Mme Edwige Avice a également mentionné qu'au moment où elle quittait le ministère de la Coopération, il était prévu une mission du Général Varret, chef de la mission militaire de coopération, destinée à élaborer, au Rwanda, un plan de démobilisation sur le modèle de celui qui avait été mis au point au Tchad. La situation restait tendue, car les combats se poursuivaient dans le Nord, en zone frontalière et en mars, dans le sud-est du Rwanda, il y avait eu trois cents morts dans le Bugesera. M. Marcel Debarge, Ministre de la Coopération, effectua une mission à Kigali en mai pour rappeler avec fermeté le message de la France. Il se rendit aussi en Ouganda où il rencontra le Président Museveni.
En conclusion, Mme Edwige Avice a estimé que, s'il fallait juger cette période avec le recul, il apparaîtrait que ce n'était pas le Rwanda, engagé dans les négociations, qui semblait connaître, à ce moment-là, la situation la plus urgente. A cette époque, se déroulait une crise par semaine, conflit tchadien, difficultés du Congo ou du Niger, problèmes du Togo et de Madagascar, arrêt de la coopération avec le Zaïre. Cette époque très tendue nécessitait de plaider auprès des instances internationales la cause des pays africains car les Américains faisaient pression, par l'intermédiaire notamment de la Banque mondiale, pour la dévaluation du franc CFA, et certains pays, dont la Côte d'Ivoire, étaient menacés d'une forte diminution de l'aide internationale.
Mme Edwige Avice a rappelé qu'elle s'était rendue à plusieurs reprises aux Etats-Unis et au Japon pour expliquer aux bailleurs de fonds que la démocratie avait besoin du développement et que la France était déterminée à rendre plus rigoureux le contrôle de l'utilisation de l'aide.

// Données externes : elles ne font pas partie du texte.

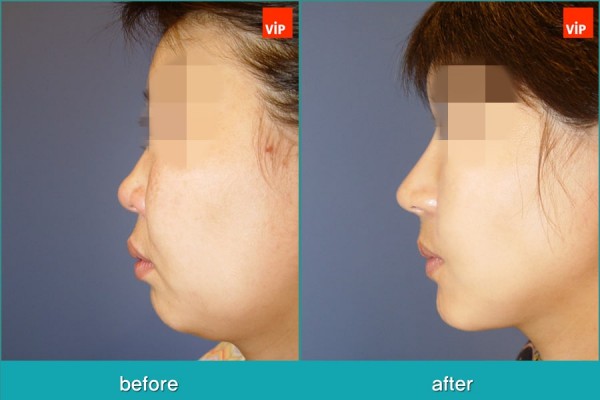 	Nose Surgery, Rib cartilage Rhinoplasty, Facial Bone Surgery, Stem Cell Fat Graft	 - Rib Cartilage Rhinoplasty, Face Contouring Surgery, V-line Surgery, Fat Graft, Cheekbone Reduction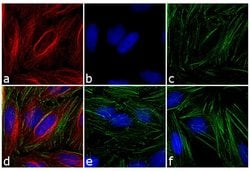 Invitrogen Goat anti-Mouse IgG (H+L) Highly Cross-Adsorbed Secondary Antibody, TRITC 1 mg | Buy Online | Invitrogen&trade; | Fisher Scientific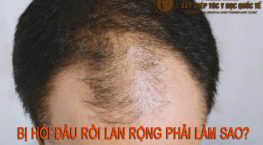 bị hói đầu rồi lan rộng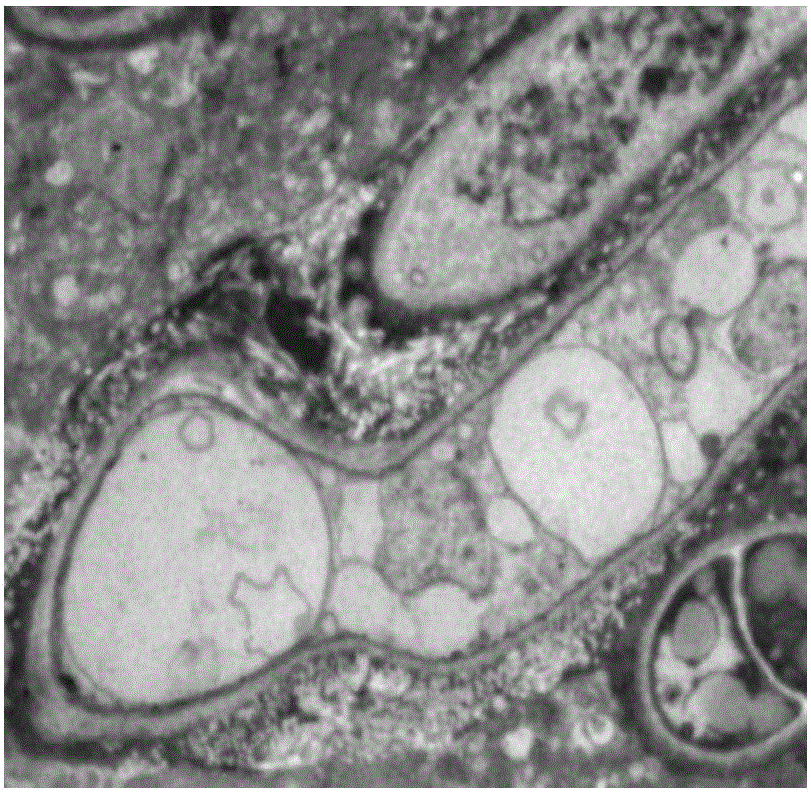 Application of cinnamaldehyde in preparation of drugs for targeted therapy of drug-resistant aspergillus infection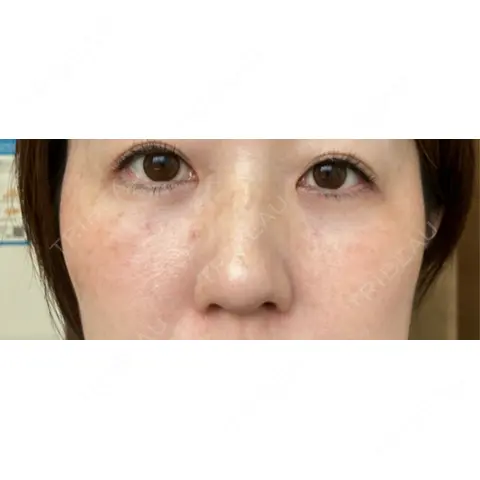 クマ治療 / 下まぶたの脂肪取り ROOTS Clinic AFTER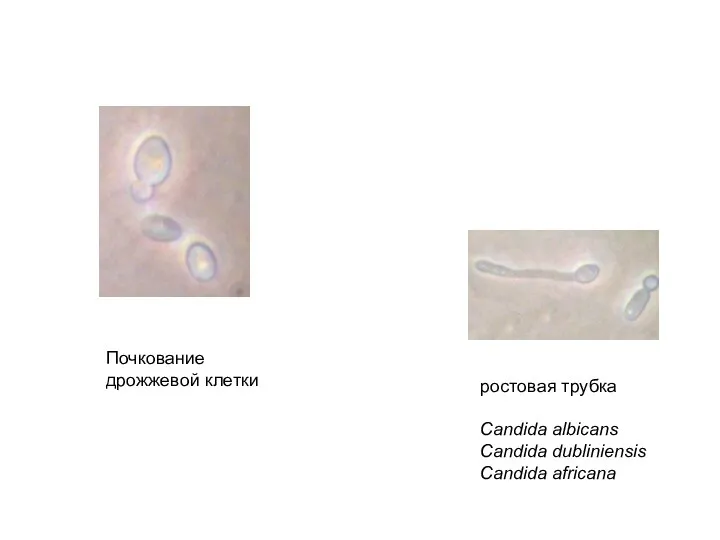 ростовая трубка Candida albicans Candida dubliniensis Candida africana Почкование дрожжевой клетки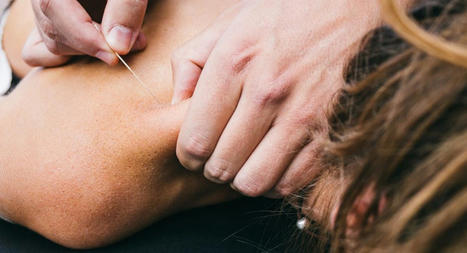 Acupuncture for Myofascial Pain Syndrome: the Ultimate Guide | Call: 915-850-0900 | Chiropractic + Wellness | Scoop.it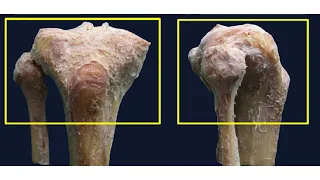 Tibial Plateau Column Concept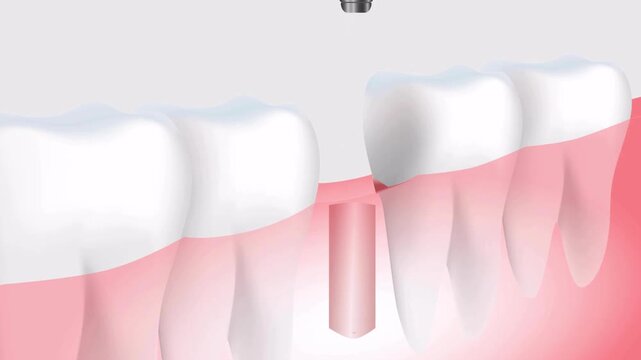 Close-up illustration showcasing a dental implant being surgically placed into the gum and bone beneath a missing tooth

A cette époque, avec l'accord du Premier Ministre et du Président de la République, un groupe de travail a été constitué pour définir de nouveaux modes de relations avec l'Afrique. M. Marcel Debarge a également encouragé cette réflexion. M. Pierre Bérégovoy, alors Ministre de l'Economie et des Finances, veillait tout particulièrement à ce que l'aide française soit soumise à des conditions plus rigoureuses et davantage tournée vers des projets. M. Pierre Joxe comme M. Roland Dumas poussaient aussi à la réduction des dépenses militaires en Afrique. La réunion de Bangkok du Fonds monétaire international et de la Banque mondiale, début 1992, a beaucoup insisté sur cette question. Ce point de vue sur le niveau des dépenses militaires des pays africains était relayé par le Général Varret, responsable de la Coopération militaire, qui avait notamment bâti le plan de démobilisation du Tchad.

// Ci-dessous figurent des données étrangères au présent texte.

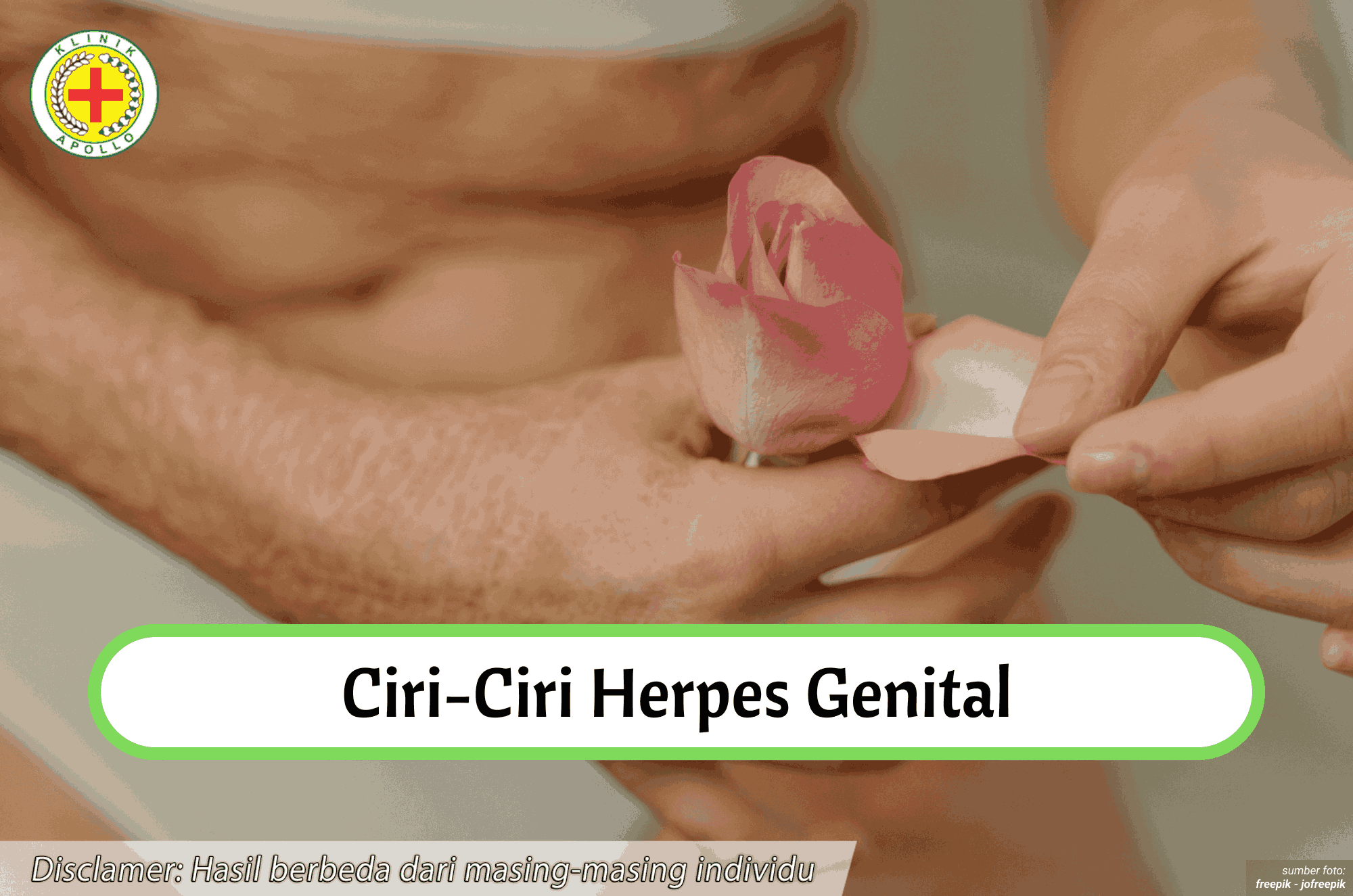 Ilustrasi Ciri-ciri Herpes Genital.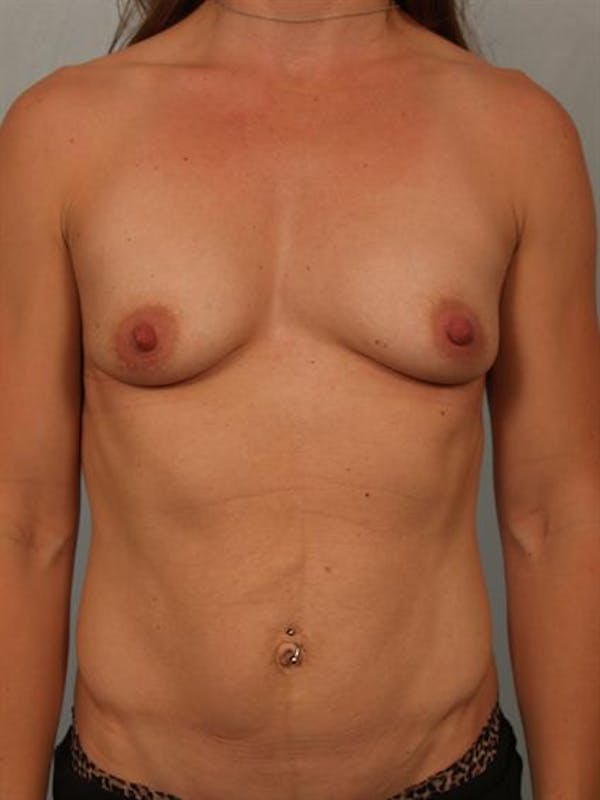 Breast Augmentation Gallery - Patient 1310365 - Image 3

Mme Edwige Avice a fait observer qu'elle avait contribué à resserrer les liens entre les ministères de la Coopération, des Affaires étrangères et de la Défense, pour adopter une attitude commune sur ces sujets. La France avait la volonté de ne pas être impliquée directement dans les conflits africains, tout en respectant les accords qu'elle avait conclus et en protégeant ses ressortissants. Les termes de l'accord du 18 juillet 1975 avec le Rwanda prévoyaient que les militaires français ne pouvaient en aucun cas être associés à la préparation et l'exécution des opérations de guerre, de maintien ou de rétablissement de l'ordre ou de la légalité. En application de cet accord, l'aide militaire était indirecte et visait à protéger les ressortissants étrangers, tout autre objectif étant formellement exclu.
M. Michel Rocard s'est montré heureux que la mission ait pris en charge la tâche de première importance qu'elle s'était fixée.

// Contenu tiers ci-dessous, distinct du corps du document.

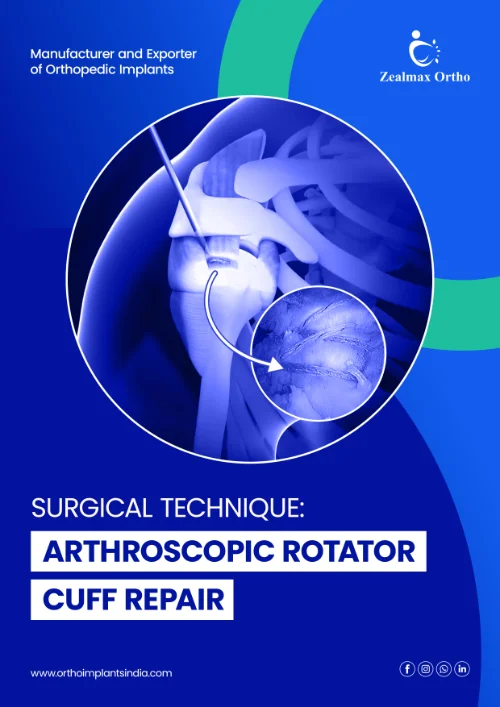 Arthroscopic Rotator Cuff Repair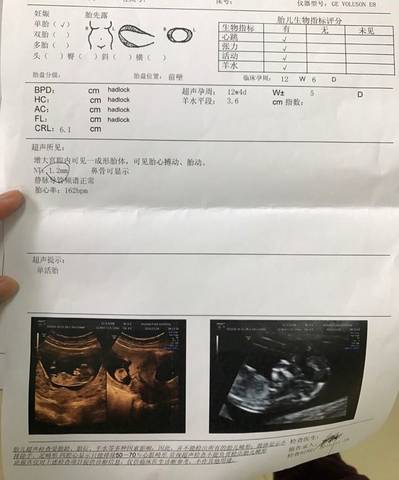 journal_insert_pic_616386243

Il a souligné que son approche de la question rwandaise était double. Il avait en effet été Premier Ministre pendant la période où tout avait commencé, mais, en tant que président de la Commission du Développement et de la Coopération du Parlement européen, il avait également été amené à visiter le Rwanda et à tenter d'y bâtir une politique européenne avec un regard rétrospectif. Il a alors proposé de donner lecture d'une déposition qu'il avait rédigée.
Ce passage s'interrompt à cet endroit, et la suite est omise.